Just ordered a box of Super Fuerte Maduros today, $59 for a box of $25.


----------



## Flux (Oct 19, 2009)

What I heard, and this is just what I _heard, _is that El Credito cigars are what the torcedors at the LGC factory start out rolling. They are bargain bundles, not LGC seconds. Both El Credito and LGC are fine cigars for the price.

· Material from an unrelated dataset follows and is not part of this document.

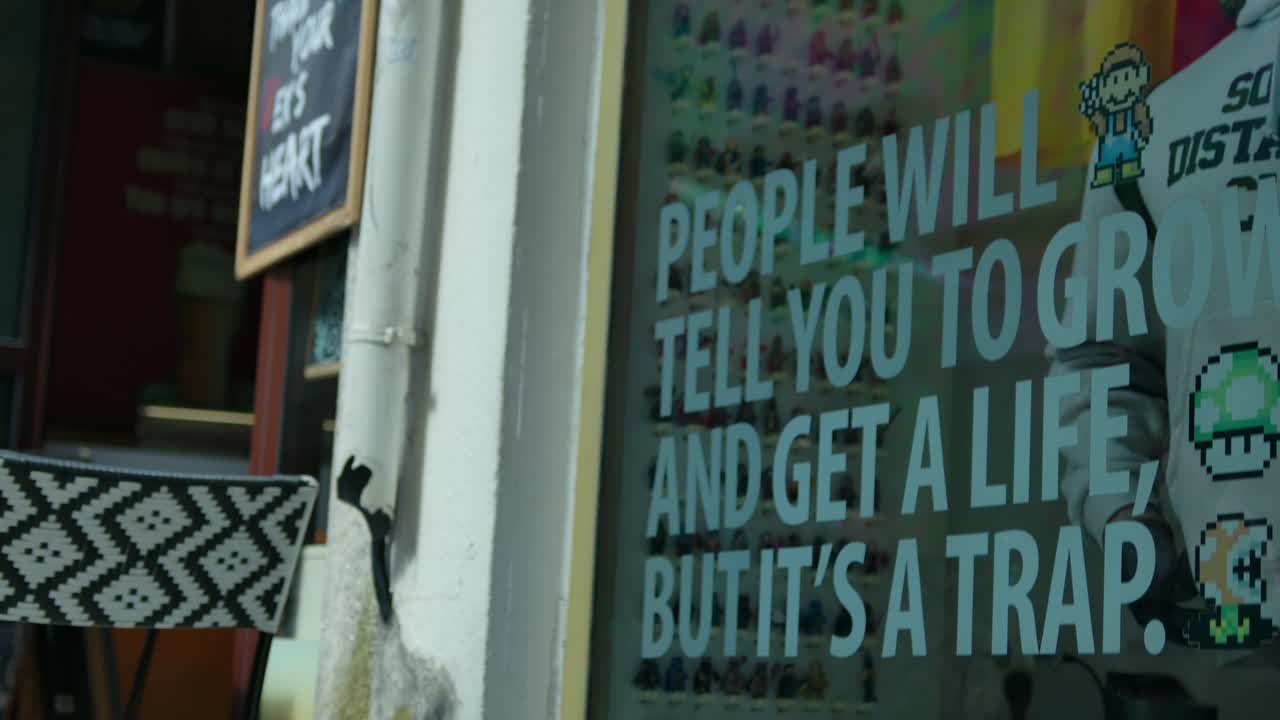 Text on a window of a store in Portugal,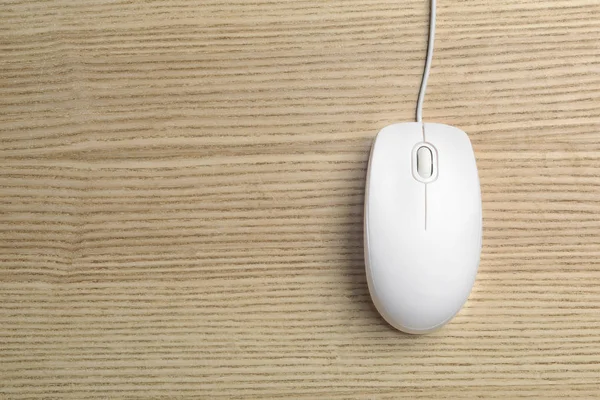 Wired computer mouse on wooden background, top view. Space for text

Tesa cigars are a nice and cheap smoke. Medium bodied and around $2-3 per stick.


----------



## bilingue23 (Jun 7, 2009)

Perdomo ESV 91 2nds from CI. Just got a bundle of 15 off cbid for about $40 shipped. My go to, and favorite cigar.


----------



## zackly (Jun 27, 2008)

bilingue23 said:


> Perdomo ESV 91 2nds from CI. Just got a bundle of 15 off cbid for about $40 shipped. My go to, and favorite cigar.


I also love this cigar!
Bought a bunch of them recently on sale from Cbid & Cigarmonster.
I could live on these three & they won't break the budget:

from mildest to strongest


Breakfast: Perdomo Champagne (fequently on sale around $3.00)
Lunch: Perdomo ESV 91's #1's or seconds, all are great
Dinner: Camacho Select (that I mentioned in my earlier post, on sale earlier [email protected] cigarmonster.com)
The Perdomos appear regularly, discounted, on CI & Famous. The Select not so much but it is Camacho's best stick IMHO.


----------



## JazzItUp4u (Apr 4, 2009)

Flux said:


> What I heard, and this is just what I _heard, _is that El Credito cigars are what the torcedors at the LGC factory start out rolling. They are bargain bundles, not LGC seconds. Both El Credito and LGC are fine cigars for the price.
> 
> Tesa cigars are a nice and cheap smoke. Medium bodied and around $2-3 per stick.


Thanks for the info.. They truly are a great smoke for the price. I am enjoying one right now!


----------



## confednet (Jan 8, 2010)

Cusano P1. My everyday smoke.


----------